É FATO QUE O TRIBUNAL SEGUIRÁ aplicando a parlamentares as medidas cautelares previstas no Código de Processo Penal. Mas uma vez que as aplique, caberá ao Congresso confirmá-las ou suspendê-las. Ou às assembleias. Ou às câmaras municipais. Era o que desejavam os interessados em salvar Aécio Neves (PSDB-MG), e em se salvarem também. Por tibieza, jais sabedoria, o STF rendeu-se às pressões de um Congresso repleto de criminosos.
DIZ-SE QUE A SUBMISSÃO foi para evitar o perigo de o país ser engolfado por uma crise institucional, o que ocorreria se o Senado descumprisse a ordem de punir Aécio, afastado do mandato e confinado à noite em casa por embolsar propina. A ameaça de crise era blefe. Uma semana antes, o Senado indicara por 50 votos contra 21 que não ousaria confrontar o STF.
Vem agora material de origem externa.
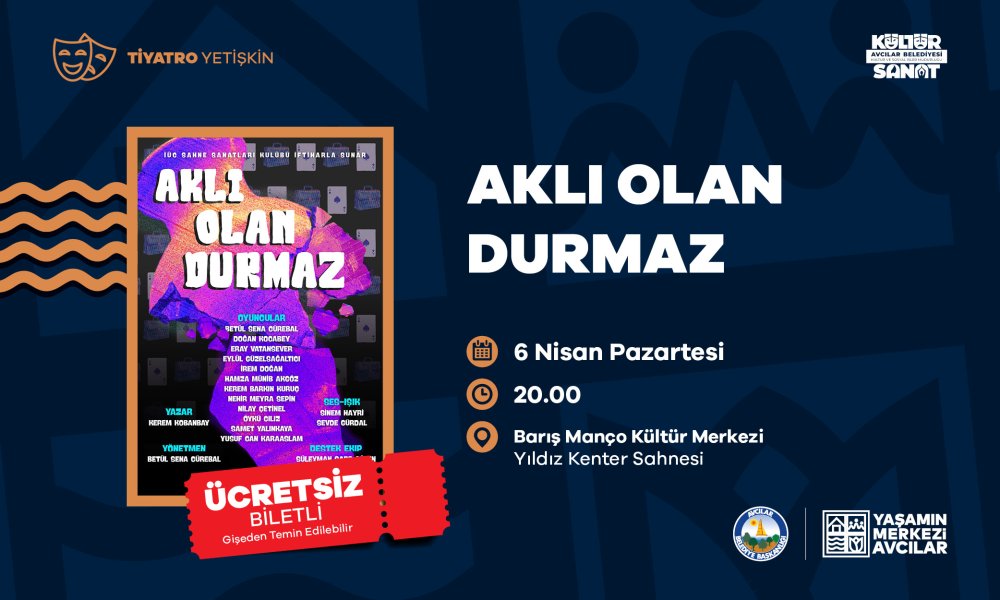 Aklı Olan Durmaz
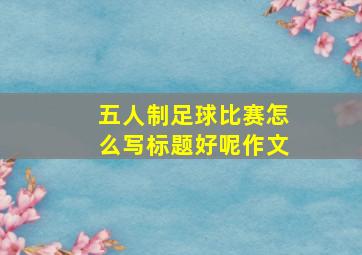 五人制足球比赛怎么写标题好呢作文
COMO NÃO CONFRONTOU QUANDO O SENADOR Delcídio Amaral (PT-MTS) foi preso, acusado de oferecer proteção a um delator para que não delatasse. Como não confrontou da vez passada em que Aécio foi afastado do mandato e posto em prisão domiciliar. A Câmara engoliu a seco a interdição judicial do deputado Eduardo Cunha (PMDB-RJ). Depois cassou-lhe o mandato.
BOA DE FRASES, CÁRMEN TAMBÉM é boa de intenções, embora careça de experiência para lidar com políticos espertos, de influência sobre colegas determinados a fazer prevalecer seus pontos de vista, e de coragem para afirmar-se em momentos difíceis. Deixou-se impressionar pela reação de gente do tipo Renan Calheiros (PMDB-AL) e Romero Jucá (PMDB-RR). Resultado: perdeu, ministra! E também a democracia.
ESSA GENTE CORRE O RISCO DE ser derrotada na sessão de amanhã do Senado, destinada a selar a sorte de Aécio. Quer o voto secreto para escapar à execração pública no caso de uma decisão favorável a ele. Em 2015, foi Aécio que entrou com ação no STF para barrar a adoção do voto secreto na sessão que referendou o afastamento e a prisão de Delcídio. O voto foi aberto.
O STF PERDEU A QUEDA DE braço com o Congresso, mas nem por isso merece ser esculachado. Se antes o Senado não puniu Aécio como deveria, poderá fazê-lo agora, quando nada para tentar salvar a própria face, e a de uma Justiça que preferiu se pôr de joelhos. Triste país!